The attorney for Bernie Bilski and Rand Warsaw, the inventors of a method for hedging energy pricing who took their patent application all the way to the Supreme Court, said they might amend their claims and try again to patent the process.
According to Atlanta patent attorney Jeff Kuester of the firm Taylor English, who represented Bilski and Warsaw in their appeal before the Supreme Court, the high court has opened the door to a more flexible interpretation of patentability than the Federal Appeals Court for the Federal Circuit did when it turned down the Bilski patent application.
'I have mixed feelings about it,' Kuester said, referring to the decision by the Supreme Court that upheld the Circuit Court's decision that Bilski's idea wasn't patentable. 'I am disappointed that the inventors' claims were found not patentable. I'm pleased that the court broadened the rule for patent eligibility that the Federal circuit had applied.'
Kuester said he believes the decision opened the door to business process inventions and similar inventions of techniques that will encourage innovations in areas that had been held back to some extent while the Bilsky patent made its way to the Supreme Court, where the decision was announced on Monday.
The case, Bilski v.
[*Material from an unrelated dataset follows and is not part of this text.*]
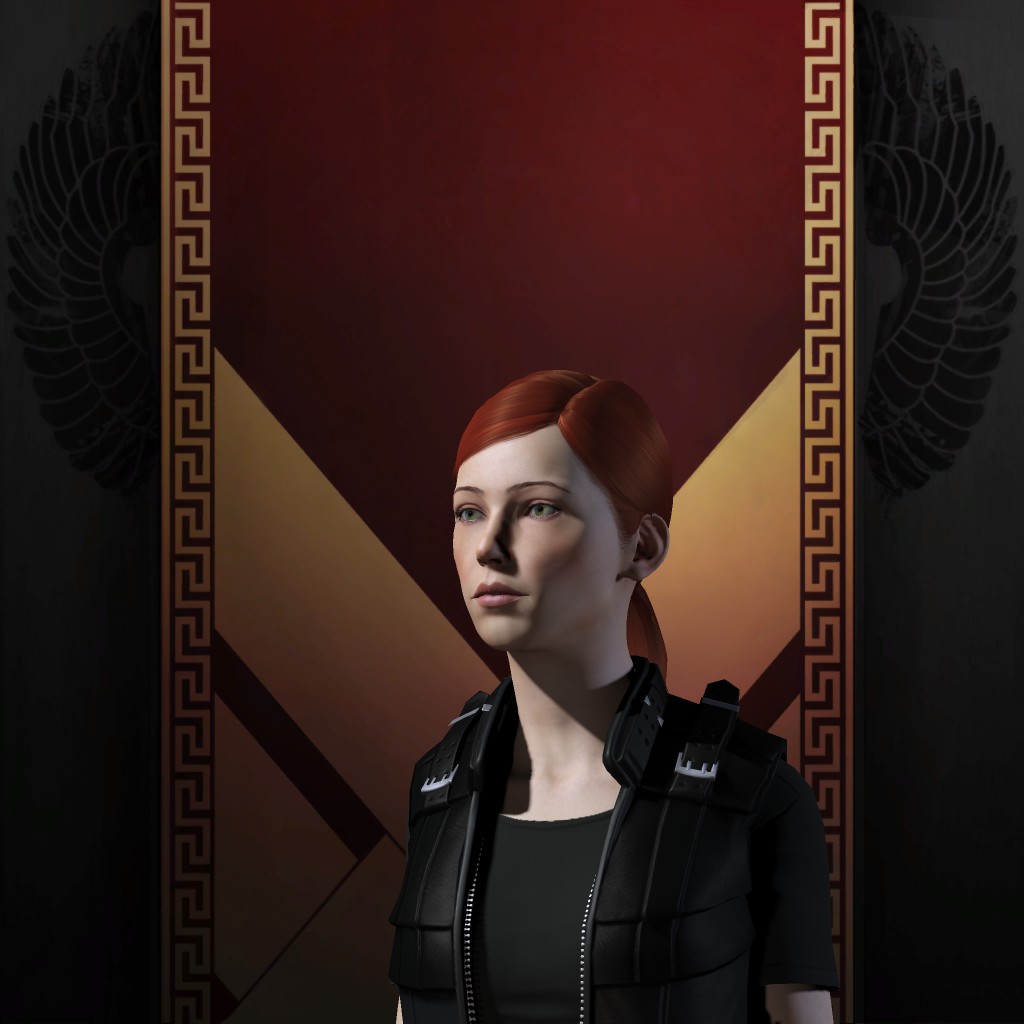 Ashley Blackshadow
Kappos, resulted in the Supreme Court finding that the invention by Bilski and Warsaw wasn't patentable, but it also rejected the test for patentability that any invention had to be for a machine or a process that transformed an object. This machine-or-transformation test, as it came to be called, had effectively ended patents on processes including software-based processes. The Court, in rejecting that as the only test, made it possible for other tests for patentability to be applied. The court, however, did not actually propose any such tests.
'I was surprised they didn't try to put their fingerprint on the debate in a more assertive manner,' Kuester said. 'I thought they'd try to say more about what the tests ought to be. I'm pleased they didn't.'
Kuester said, as have many others, that the machine-or-transformation tests will simply mean that inventions that had been developed as business processes may be presented so that they meet that test. This might mean, for example, that the business process could be embedded into a computer. But Kuester also thinks new cases will arise that will attempt to establish new tests for patentability.
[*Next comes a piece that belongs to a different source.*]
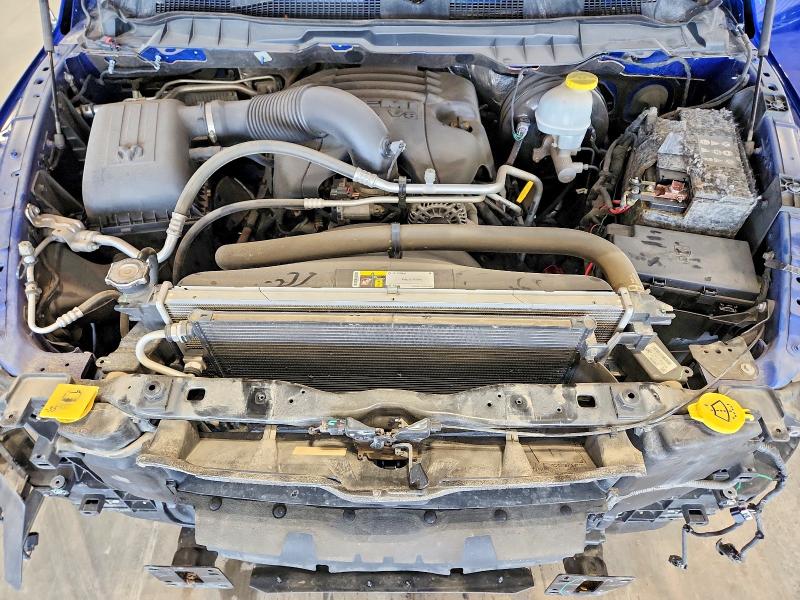 62596336 :رقم المزاد ، 3C6RR7LTXHG751200 vin ، 2017 Ram 1500 مزاد بيع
'We will see cases fairly soon,' Kuester said. 'There are often arguments in pending cases that are presented very quickly after decisions of this magnitude.' Kuester said he thinks the
Supreme Court may wait a while before it takes another case to clarify the issue, assuming it wants to clarify. He noted that the Supreme Court may not feel that it wants to add anything to the guidance for the Circuit Court, if the lower court takes the guidance offered and eases up on the patent restrictions.
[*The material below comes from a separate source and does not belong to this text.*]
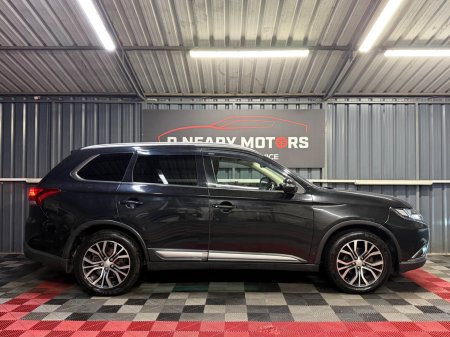 2018 Mitsubishi Outlander - photo 4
The question, of course, is whether the decision really solves any problems regarding software and business process patents. On one hand, it does tell the lower courts and the Patent and Trademark Office that such things can be patented. On the other hand, it offers little guidance beyond that. Ultimately, this means that the type and nature of any tests of patentability will have to be worked out in the lower courts, and that means years of uncertainty.